The states say that Sprint (S) and T-Mobile’s proposed $26 billion merger -—which would shrink the wireless market from four major players to three — could raise prices and reduce benefits for consumers. Dish Network (DISH) has been proposed as a new market entrant to remedy the merger’s effects, but the states say it wouldn’t provide meaningful competition.
The companies, meanwhile, claim the merger will actually boost competition and help consumers by propping up Dish as a new player, saving Sprint from its recent performance decline and giving the combined company more resources to invest in 5G and other innovations.
What the states say
Leading the group of states, New York Attorney General Letitia James said outside the courthouse Wednesday the merger would be “bad for the economy, bad for consumers, bad overall for the industry” and would “stifle innovation.”
“It would reduce the quality of service for millions of Americans across the country,” she added. “That’s why I’m confident we will win.”
In his closing arguments, Glenn Pomerantz, the lead counsel for the states, called the merger “presumptively anticompetitive,” and said the remedies proposed to address its effects are insufficient.
The states say that post-merger, the three wireless giants’ will each serve around 30% of the market.

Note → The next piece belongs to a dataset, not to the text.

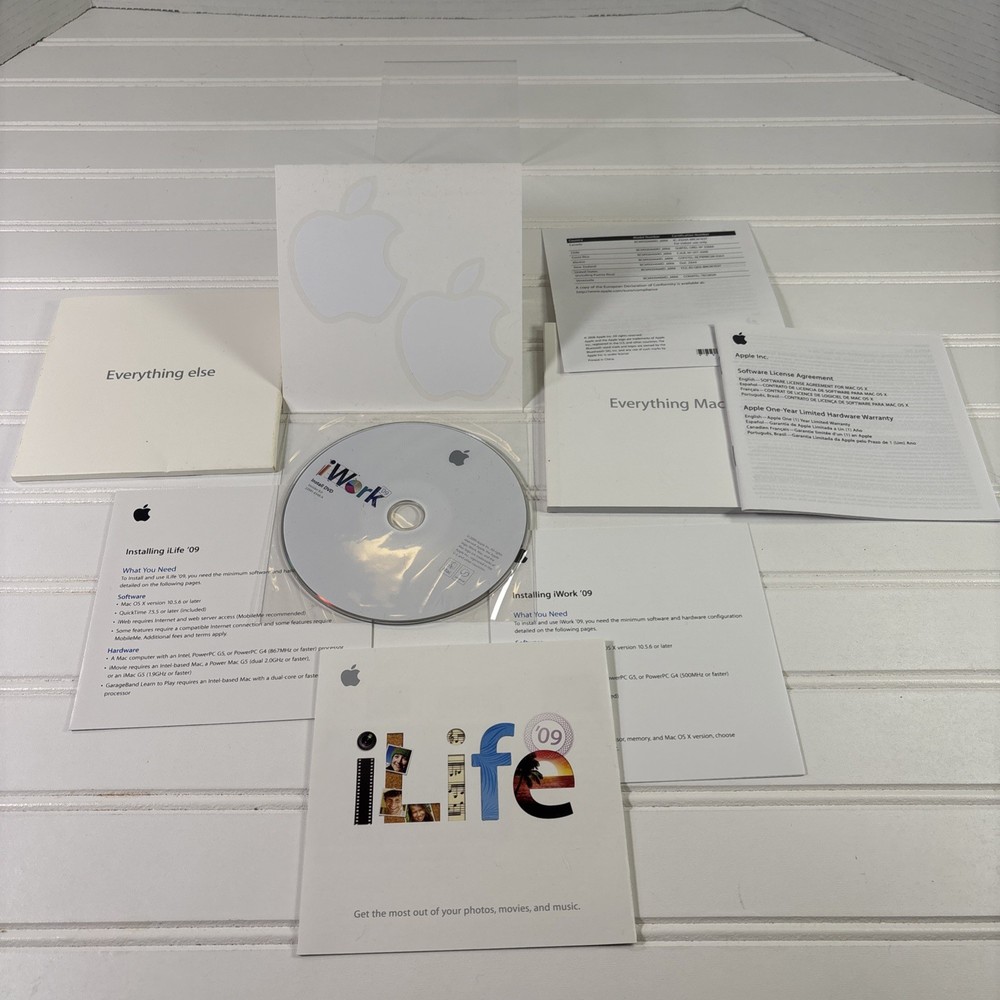 Apple iLife 09 for Mac ILIFE 09 Software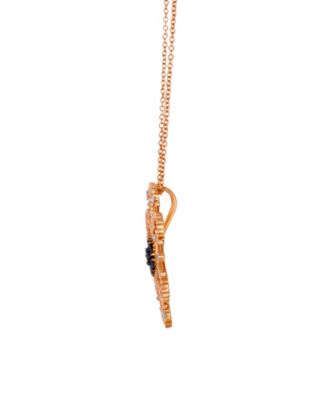 Chocolate & Vanilla Diamonds (0.50 ct. t.w.) Pendant Necklace in 14k Strawberry Gold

They argue that three similarly sized companies are more likely to raise prices for consumers — or at least coordinate not to lower them — than if two smaller players competed on price. And they claim that the merger will reduce the companies’ incentives to initiate the kind of consumer-friendly programs that Sprint and T-Mobile have launched in recent years, such as contract-free service and phone rentals.
Pomerantz rejected the companies’ argument that Sprint will cease to be a meaningful competitor if the merger fails. He called this claim “the Hail Mary Pass” of defenses in these kinds of cases.
“Sprint simply needs to pull up its sleeves and compete,” Pomerantz said.
Federal regulators, including the US Department of Justice and the FCC, have already approved the merger. They were mollified by concessions the companies made, including some spinoffs.
But James said the states use a different standard in reviewing mergers, and she strongly disputed one of the companies’ chief arguments for why their merger should be allowed to proceed.
T-Mobile and Sprint plan to spin off Boost Wireless, Sprint’s low-cost wireless carrier, and other assets. It will give the business and its customers to wireless wannabe Dish. That’s hardly enough to satisfy the attorneys general, James said.
Dish is not a “suitable replacement” for Sprint, she said, because of “the company’s inability to catch up to the three remaining giants.” Pomerantz pointed out in his closing argument that even if Dish does enter the wireless market, it will take years to build its own network and establish a customer base anywhere near where Sprint’s is now.
What the companies say
David Gelfand, who represents Sprint and T-Mobile, spoke in lofty terms about the merger’s potential.
The companies want to combine “to create a new, world class network with lower costs and better service for consumers,” he said, adding that “the world with the merger holds tremendous promise to revolutionize the industry.”
Gelfand also said that both Sprint and T-Mobile currently face market headwinds that could make it difficult for them to compete in the future.
Sprint’s performance has been declining for years and its lower-quality network has alienated consumers. The companies have said that Sprint doesn’t have the right kind of spectrum — a resource needed for building wireless architecture -— to successfully build out a 5G network, and its high debt load could keep it from buying additional resources.
Gelfand said T-Mobile’s network also needs investment. Without new spectrum and added network capacity, T-Mobile will struggle to serve new customers and meet consumers’ growing demands for fast data speeds; the company could be forced to hike prices or reduce the quality of its service, he said.
The companies say that by combining their physical networks, they can provide better service, roll out 5G more quickly and keep prices for consumers low. Gelfand said the combined network will have more than twice the capacity by 2024 than if the companies remained separate. And he added that Dish and cable companies entering the market will provide an incentive for all market players to offer attractive consumer benefits.
“T-Mobile is becoming Rocky and stepping into the ring with its larger competitors and developing a new punch,” Gelfand said of the merger.
Judge Marrero opened Wednesday’s hearing reminding attendees that, “there is life beyond the merger of T-Mobile and Sprint.” He declined to say when he will return with a final ruling on whether to approve the merger, but said he would “endeavor to decide as quickly as possible.”
James declined to say Wednesday whether the states will appeal if Marrero finds in favor of the companies.